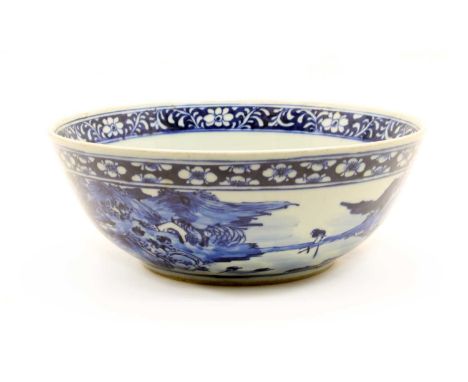 A Chinese blue and white bowl, probably early 20th century, but bearing Kangxi marks, decorated in the round with figures in 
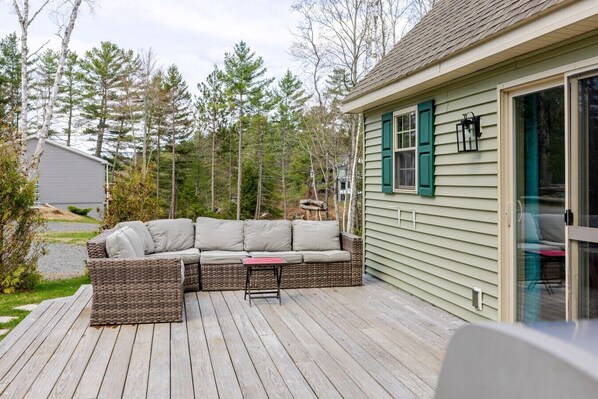 A covered deck with a wicker sofa and a small table, surrounded by a wooden deck and a house with green shutters.
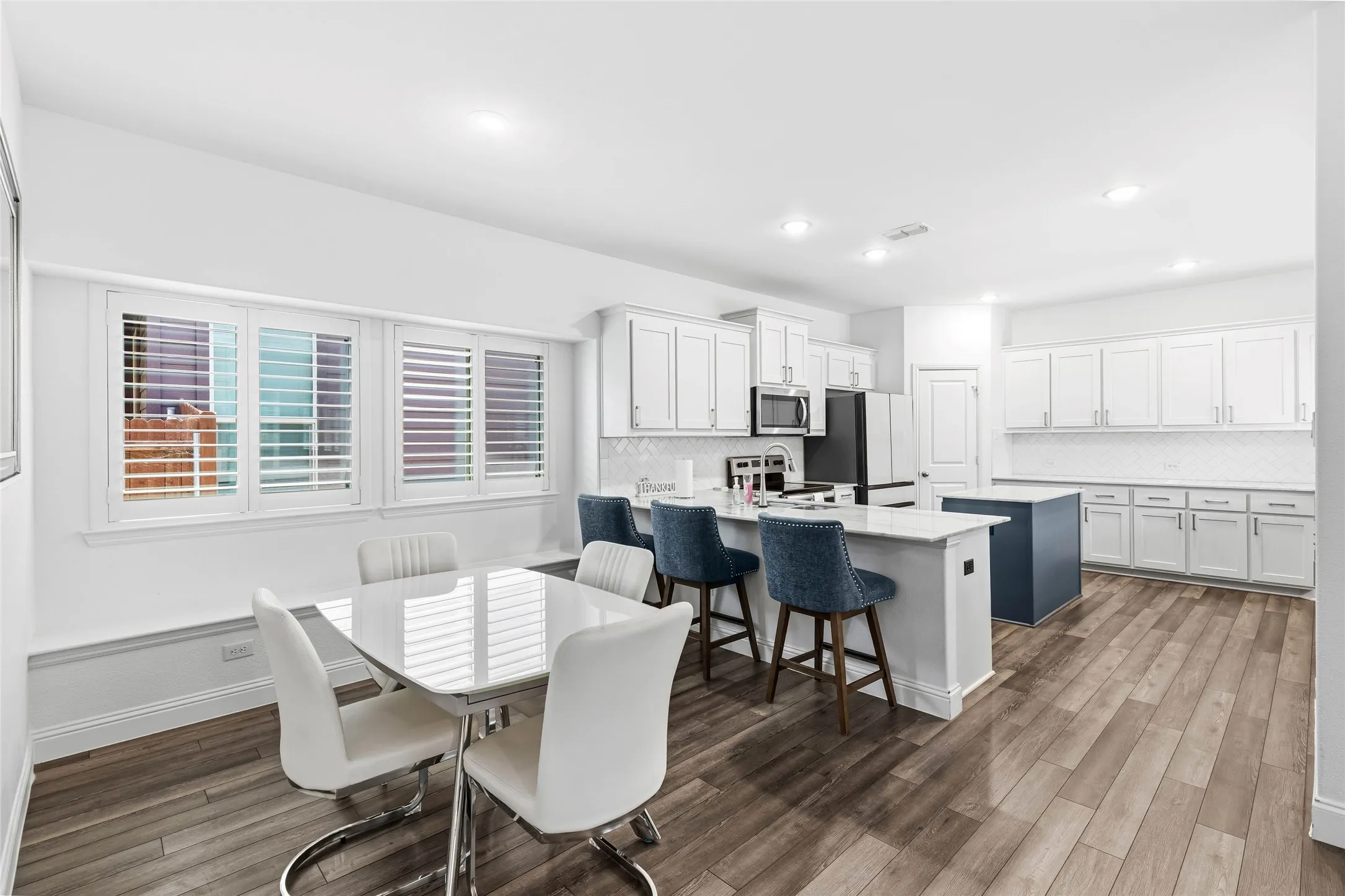 Open-concept kitchen and dining area featuring wood-finish flooring, white cabinetry, a kitchen island with seating, a secondary island, and recessed lighting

▶ _Problem_:
Please reproduce the material above word for word, without its images.

▶ _Output_:
 A Chinese blue and white bowl, probably early 20th century, but bearing Kangxi marks, decorated in the round with figures in 
 A covered deck with a wicker sofa and a small table, surrounded by a wooden deck and a house with green shutters.
 Open-concept kitchen and dining area featuring wood-finish flooring, white cabinetry, a kitchen island with seating, a secondary island, and recessed lighting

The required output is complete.